Beate Pongratz-Leisten argues that the account of the battle of Halule from Sennacherib's Chicago Prism, dated to 691 BCE, implicitly compares his opponent Mushezib-Marduk and his forces to Qingu and Tiamat's "horrible creatures" (gallê lemnūti) in order to delegitimize him. She argues that the description of Mushezib-Marduk being inappropriately enthroned constitutes a direct allusion to Qingu's appointment by Tiamat in the Enūma Eliš.
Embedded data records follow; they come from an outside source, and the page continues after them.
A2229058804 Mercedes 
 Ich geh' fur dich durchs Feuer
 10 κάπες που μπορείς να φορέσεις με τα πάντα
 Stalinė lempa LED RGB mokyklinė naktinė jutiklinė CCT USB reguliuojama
The so-called Birdcall Text, a first millennium BCE theological composition known from copies from Nineveh and Sultantepe which provides theological explanations for the calls of different birds, states that the cry of the duck (paspasu), identified as the "bird of Kusu", can be interpreted as an allusion to Qingu, presumably based on a perceived phonetic similarity. While associations between specific deities and birds are also known from other sources, it is not certain if all of those presented in the Birdcall Text were already established before its composition. Wilfred G. Lambert considered this implausible due to multiple differences between the two available copies, though he stressed the associations should be evaluated on a case by case basis.

A late Babylonian calendar treatise related to the traditions associated with Esagil uses Qingu, Tiamat and Marduk as symbolic representations of rulers of Subartu, Elam and Babylonia.